Return every line from the one with "위너 (Winner) / Everyd4y (2CD+1DVD/일본반/미개봉)" through the one with "Moneda, Francia, Charles", inclusive, exactly as it appears below.

(Source data)
*****

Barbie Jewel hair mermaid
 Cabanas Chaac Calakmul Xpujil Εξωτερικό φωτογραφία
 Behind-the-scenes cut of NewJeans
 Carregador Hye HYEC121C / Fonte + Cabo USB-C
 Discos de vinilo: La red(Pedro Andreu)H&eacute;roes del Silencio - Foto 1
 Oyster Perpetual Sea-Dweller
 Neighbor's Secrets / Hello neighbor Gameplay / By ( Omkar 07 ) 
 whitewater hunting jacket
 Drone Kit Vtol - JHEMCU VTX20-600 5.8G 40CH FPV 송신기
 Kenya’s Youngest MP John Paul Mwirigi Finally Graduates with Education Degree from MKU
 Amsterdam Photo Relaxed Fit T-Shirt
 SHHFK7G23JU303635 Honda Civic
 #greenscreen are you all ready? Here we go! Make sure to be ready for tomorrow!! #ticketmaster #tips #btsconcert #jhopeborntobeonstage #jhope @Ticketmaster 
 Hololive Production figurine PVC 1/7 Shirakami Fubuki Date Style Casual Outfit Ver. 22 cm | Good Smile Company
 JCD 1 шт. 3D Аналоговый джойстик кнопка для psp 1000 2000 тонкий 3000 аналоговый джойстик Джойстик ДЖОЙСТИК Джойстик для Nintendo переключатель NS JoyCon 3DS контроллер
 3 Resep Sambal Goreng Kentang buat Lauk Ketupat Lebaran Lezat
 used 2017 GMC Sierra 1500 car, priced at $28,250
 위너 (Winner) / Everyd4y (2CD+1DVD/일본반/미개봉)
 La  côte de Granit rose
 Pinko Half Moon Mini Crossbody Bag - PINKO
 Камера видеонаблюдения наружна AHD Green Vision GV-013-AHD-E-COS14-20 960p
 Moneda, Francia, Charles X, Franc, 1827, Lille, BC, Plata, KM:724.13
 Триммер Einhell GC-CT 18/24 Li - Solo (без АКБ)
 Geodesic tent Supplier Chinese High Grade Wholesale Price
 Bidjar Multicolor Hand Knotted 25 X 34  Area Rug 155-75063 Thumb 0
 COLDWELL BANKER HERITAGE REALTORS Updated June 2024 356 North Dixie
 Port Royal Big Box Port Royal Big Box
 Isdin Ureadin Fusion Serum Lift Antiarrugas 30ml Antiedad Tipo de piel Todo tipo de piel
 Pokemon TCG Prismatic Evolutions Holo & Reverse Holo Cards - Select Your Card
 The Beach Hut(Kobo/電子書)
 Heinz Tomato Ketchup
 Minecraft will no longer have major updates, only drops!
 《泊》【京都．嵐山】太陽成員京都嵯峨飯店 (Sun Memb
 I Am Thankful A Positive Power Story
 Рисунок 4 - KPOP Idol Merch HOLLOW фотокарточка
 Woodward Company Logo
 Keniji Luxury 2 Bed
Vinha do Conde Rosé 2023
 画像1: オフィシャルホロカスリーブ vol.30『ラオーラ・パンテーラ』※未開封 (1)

*****

(Solution)
 위너 (Winner) / Everyd4y (2CD+1DVD/일본반/미개봉)
 La  côte de Granit rose
 Pinko Half Moon Mini Crossbody Bag - PINKO
 Камера видеонаблюдения наружна AHD Green Vision GV-013-AHD-E-COS14-20 960p
 Moneda, Francia, Charles X, Franc, 1827, Lille, BC, Plata, KM:724.13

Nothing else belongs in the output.